• **The problem**
Start to finish, write out the entries exactly, leaving the pictures aside.

--- Data ---

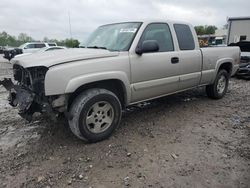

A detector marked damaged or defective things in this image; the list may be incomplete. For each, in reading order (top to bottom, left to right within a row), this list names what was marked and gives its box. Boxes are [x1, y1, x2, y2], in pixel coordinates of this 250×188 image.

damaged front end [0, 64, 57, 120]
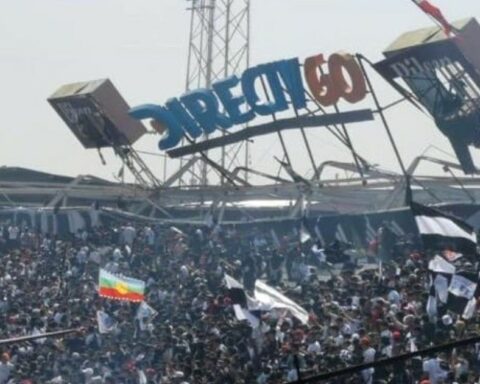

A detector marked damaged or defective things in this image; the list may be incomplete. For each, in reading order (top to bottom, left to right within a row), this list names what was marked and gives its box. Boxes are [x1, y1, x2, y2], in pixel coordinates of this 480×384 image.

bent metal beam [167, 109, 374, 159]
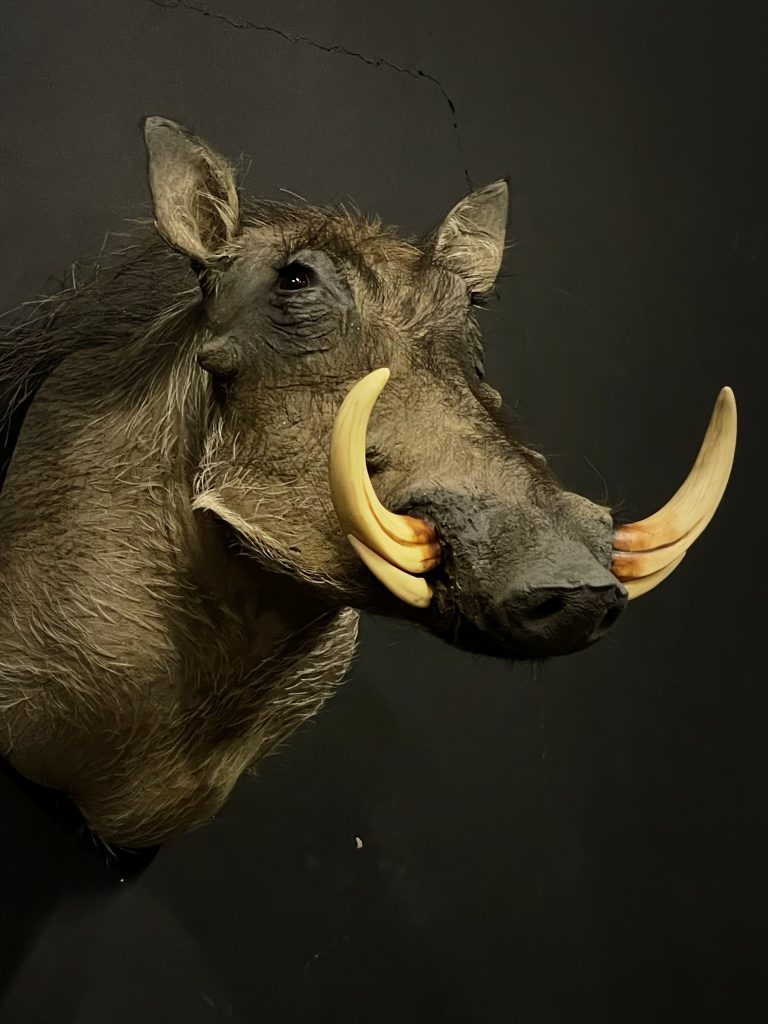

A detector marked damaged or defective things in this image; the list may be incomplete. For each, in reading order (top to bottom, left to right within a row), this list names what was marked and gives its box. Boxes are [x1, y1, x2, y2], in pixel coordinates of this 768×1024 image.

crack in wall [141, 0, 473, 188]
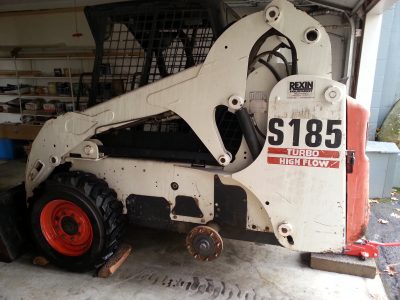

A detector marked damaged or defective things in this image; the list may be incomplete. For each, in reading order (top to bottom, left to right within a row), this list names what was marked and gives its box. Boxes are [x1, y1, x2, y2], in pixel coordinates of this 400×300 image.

---

• **The answer**
A detector marked damaged or defective things in this image; the list may be incomplete. For each, in reading order (top to bottom, left to right within a row), this list names what was marked and gives its box. Boxes are [x1, y1, x2, y2], in pixel coordinates of this 250×188 image.

damaged front end [0, 64, 57, 120]

A detector marked damaged or defective things in this image; the list may be incomplete. For each, in reading order (top to bottom, left to right within a row), this list names what was marked and gives its box. Boxes are [x1, y1, x2, y2], in pixel coordinates of this 480×384 image.

bent metal beam [167, 109, 374, 159]

A detector marked damaged or defective things in this image; the list may be incomplete. For each, in reading order (top to bottom, left to right within a row), this list names what was marked and gives its box. Boxes are [x1, y1, x2, y2], in pixel coordinates of this 768×1024 image.

crack in wall [141, 0, 473, 188]

A detector marked damaged or defective things in this image; the list may be incomplete. For each, in reading order (top to bottom, left to right within a row), this list names what was marked and gives its box. Boxes are [x1, y1, x2, y2], in pixel coordinates of this 400×300 image.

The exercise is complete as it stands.